Und schon war der Mittwoch gekommen, an diesem Tag stand etwas mehr Kultur auf dem Plan. Als erstes ging es ins Slawendorf nach Neustrelitz. Dort konnten wir Schwerter schleifen und bemalen, Specksteine schleifen, Töpfern, Körbe flechten und Armbänder weben. Für jeden war etwas dabei.  Dann gab es einen kleinen Mittagssnack  und es ging weiter zur Kaffeerösterei „Bohn Aparte“, wo wir herzlich mit einem Stück Kuchen und Kaffee empfangen wurden. Wir erfuhren viel über den Entstehungsprozess des Kaffees. Als es wieder zurück in die Unterkunft ging, planten wir die Abendgestaltung und es wurde sich für eine Runde Bingo entschieden.

Am Tag darauf wurde es aufregend, denn wir waren unterwegs nach Blankenförde zur Kanufahrt „Märchenreise“. Alle Bewohner waren trotz anfänglicher Zweifel  begeistert, als wir den Fluss entlang paddelten. Doch so viel frische Luft macht auch hungrig, also ging es nach der Anlandung nach Mirow ins Pfannkuchenhaus. Nach dem Mittagessen teilte sich die Gruppe und es wurde zu einem  Frauen-,  und  Männernachmittag. Die Frauen machten sich einen entspannten Nachmittag in der Müritz Therme, während die Männer sich für eine Ausstellung über erneuerbare Energien entschieden. Dort wurden verschiedene Mitmach-Sachen und ein Quiz über das Gesehene angeboten. Am Ende des Tages trafen sich alle wieder beim gemeinschaftlichen Abendessen in der Unterkunft und tauschten sich über ihr Erlebtes aus. Nun war der Urlaub auch schon fast wieder zu Ende. Es wurden schon langsam die Taschen gepackt, noch die letzten Postkarten geschrieben und so endete auch schon der letzte Abend.
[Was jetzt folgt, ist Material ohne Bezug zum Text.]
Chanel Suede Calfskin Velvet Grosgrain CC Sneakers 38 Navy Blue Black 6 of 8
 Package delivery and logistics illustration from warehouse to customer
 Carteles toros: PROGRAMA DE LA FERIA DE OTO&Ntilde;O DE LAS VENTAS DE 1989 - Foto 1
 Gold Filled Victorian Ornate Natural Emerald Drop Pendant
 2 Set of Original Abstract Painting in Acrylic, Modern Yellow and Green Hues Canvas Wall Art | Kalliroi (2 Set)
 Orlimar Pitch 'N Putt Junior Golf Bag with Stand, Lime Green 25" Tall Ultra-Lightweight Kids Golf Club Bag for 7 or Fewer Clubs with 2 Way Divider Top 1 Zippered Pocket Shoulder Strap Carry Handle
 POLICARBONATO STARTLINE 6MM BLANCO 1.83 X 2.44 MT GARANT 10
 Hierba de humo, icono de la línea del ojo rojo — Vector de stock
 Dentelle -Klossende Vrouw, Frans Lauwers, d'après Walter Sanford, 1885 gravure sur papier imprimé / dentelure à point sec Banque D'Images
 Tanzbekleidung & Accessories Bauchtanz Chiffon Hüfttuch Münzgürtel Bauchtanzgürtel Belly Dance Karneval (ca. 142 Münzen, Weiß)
Am nächsten Morgen gemeinsam ein letztes Mal leckeres Frühstück in der Unterkunft eingenommen und dann ging es schon zurück nach Hause. Wenn man die Bewohner fragte was denn ihr schönstes Erlebnis in dieser Woche war, konnten sie sich gar nicht entscheiden. Es war ein rundum schöner Urlaub und sie fragten schon am selben Tag, wo es denn im nächsten Jahr hingeht.